Although the film Bob and his Enlarged Amygdala was a “passion project” for Parker that took only three months to write before its Aug. 8 premiere at Geeksboro Coffeehouse Cinema, not every actor that he invited to be involved with the film shared in his enthusiasm.

“Early on I did have a couple of people say that it was too much for them, which I don’t respect because I do roles, that’s an actor’s life,” Parker said. “I am very much an atheist and I have played many preachers.”

Bob and his Enlarged Amygdala, while a comedic film about a bigot, with a scattering of hilarious features like a dance number, a dominatrix doctor office scene, a classic cat lady, a concupiscent skunk lady, and limitless political puns, truly has a serious underlying message.

“It goes against guns,” Parker said.

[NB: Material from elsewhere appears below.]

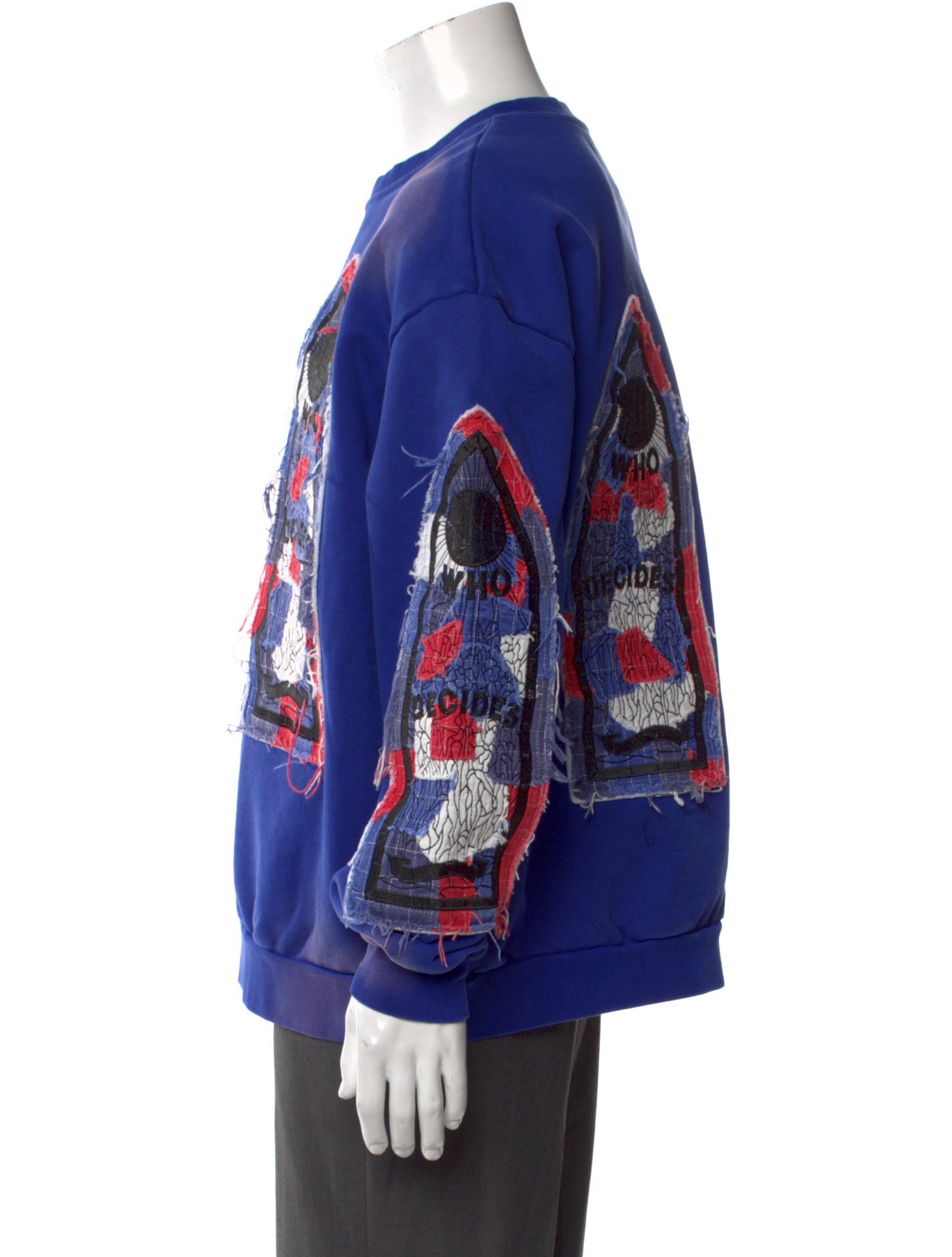 Who Decides War Graphic Print Crew Neck Sweatshirt w/ Tags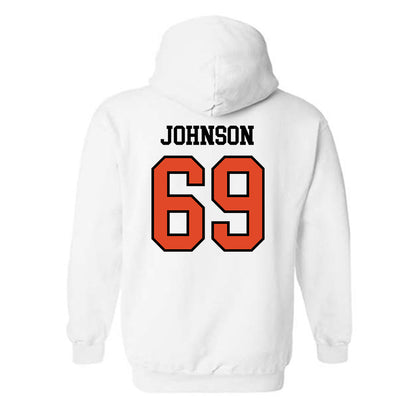 Oregon State - NCAA Football : Kwan Johnson - Sports Shersey Hooded Sweatshirt-1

It goes against religion. It goes mainly against this idea that America is supposed to be one thing. This is a part of the style in which I grew up, America is supposed to be, white, preferably male, Anglo-Saxon heritage, and Protestant; not even Catholic, but Protestant.”

Stephanie Lindley, the actor who plays German dominatrix-scientist Schlampe, willing agreed to participate in Parker’s film, never having worked with him, simply because of shared values.

“I’m a Bernie supporter,” Lindley said. “I was all for this. I assumed everybody would be of that mindset, but when I went on set the day of filming. I didn’t feel like everyone was necessarily of the same political mindset. I was having a little battle with the guy playing the doctor over who we were going to vote for.”

There will be no entries into an independent film festival, vying for the attention of a cable network, or straight-to-DVD movie deal for Bob. The story of his amygdala and the ruckus it creates can be seen for free on YouTube. And now that the dust has settled from the hype of the film the cast has largely moved on.

“We still have candidates who are hanging on by their fingernails to archaic concepts.” Parker said. “These constructs of race, religion, national origin and sexual preference are created constructs, and they are not helpful. They are usually very harmful.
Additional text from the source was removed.